Prompt
Keep the pictures out, and restate the listing that follows exactly as written.

Provided data

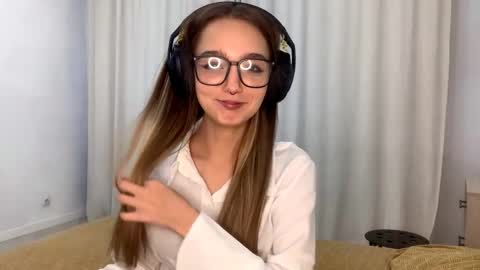 Snapshot of glennbloebaum chatting on November 11, 10:04 am Catalina online show from November 11, 10:04 am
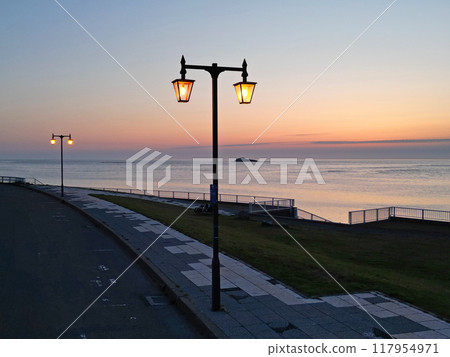 Aerial view of the deserted Cape Soya coast at dusk Aerial view of the deserted Cape Soya coast at dusk 117954971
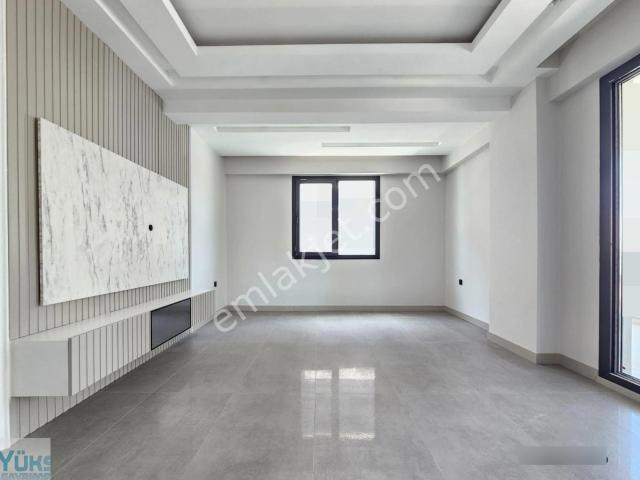Denizli Şemikler De 3+1 Cadde Üzeri Ebeveyn Banyolu Lüks İşçilikte Satılık Daire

Result below
 Snapshot of glennbloebaum chatting on November 11, 10:04 am Catalina online show from November 11, 10:04 am
 Aerial view of the deserted Cape Soya coast at dusk Aerial view of the deserted Cape Soya coast at dusk 117954971
Denizli Şemikler De 3+1 Cadde Üzeri Ebeveyn Banyolu Lüks İşçilikte Satılık Daire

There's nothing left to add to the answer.